A year or so after I'd gotten them, I teasingly asked my husband what he thought, certain he'd agree I looked like a wrinkled teenager. But instead he said he didn't like them.

It took a few days for me to finally eke out why, because he kept saying he didn't know.

It wasn't the cost, he said, or that I more or less up and did it without much discussion. It also wasn't because I looked a little ridiculous, although I think I did.

The reason he didn't like the braces, he said, was because he feared they were only the beginning, and that I would eventually do something more riskful, like injecting botulin into my face. Or worse.

I was glad he loves me enough to worry about such things--and that I was once again reminded that he doesn't need me to change my outsides.

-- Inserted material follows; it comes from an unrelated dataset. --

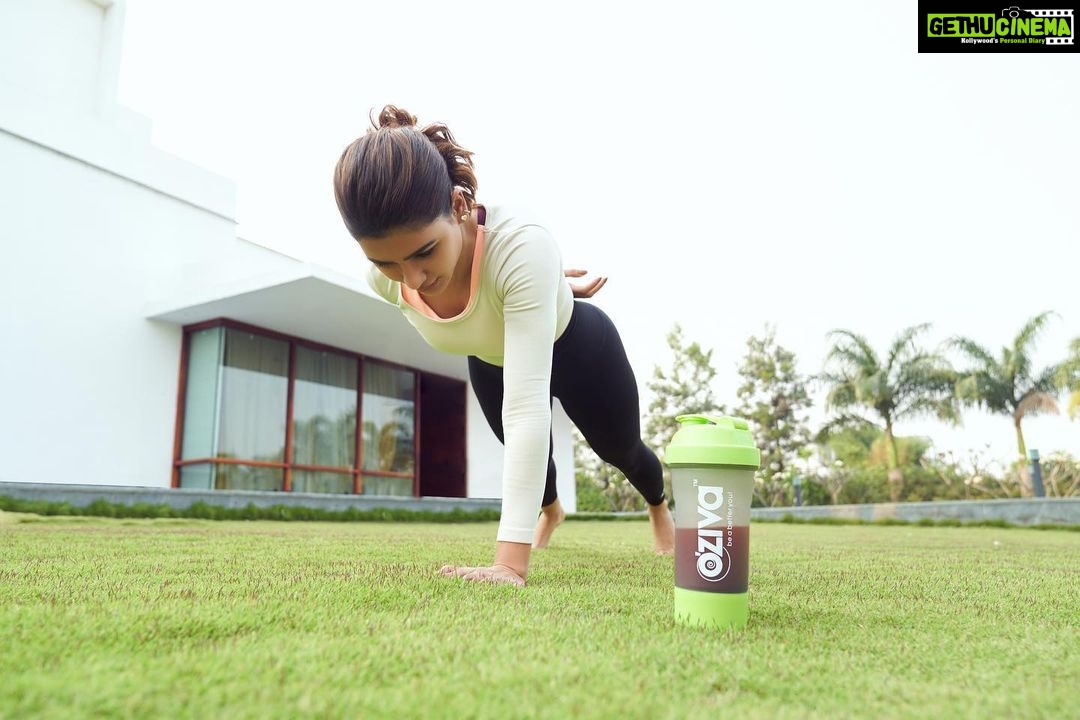 Samantha Instagram - Taking my clean living journey, one step ahead with single hand planks😊 The best part about my fitness journey has been the balance it has brought into my life, both physically and mentally. And I am grateful for what this journey has taught me… Clean, plant based nutrition makes your body stronger and healthier. My favourites are veggies, fresh from my garden and @ozivanutrition plant protein 💚 Fitness is not a destination, but a journey towards a better version of yourself. Emotional & mental wellness are as important as physical wellness. Spend time with your loved ones..do things that make you happy.. Always. Would love to hear about your fitness journeys. Do let me know in the comments below. #oziva #hartarahsebetter #abetteryou #cleanliving #plantbased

And I'm grateful he's been that way for the entire 25 years that I've known him.

Once, when I whimpered about hating the way my face looked since I've gotten older, he said, "I don't like it when you talk that way about your face; I like your face the way it is."

And I cried then, because he told me what probably all wives want to hear.

If only it were enough.

But it isn't. I am the one who has to love my outsides just the way they are or I will never be satisfied. I will always be afraid of the next new wrinkle or gray hair--or lack thereof.

So I keep reminding myself how lucky I am to be aging at all. It means I'm still alive. When I do that, I can feel my attitude getting stronger.

I also eat more healthily than I used to and I exercise three times a week, so I know I'm on the right track.

Now, if I can only quit obsessing over whether or not to buy that cosmetic contraption on that shopping channel that superficially stimulates your facial muscles with baby electrical currents and thereby firms and smoothes the skin…

QUESTION: How accepting are you of your aging process and what, if anything, could you do to improve your attitude?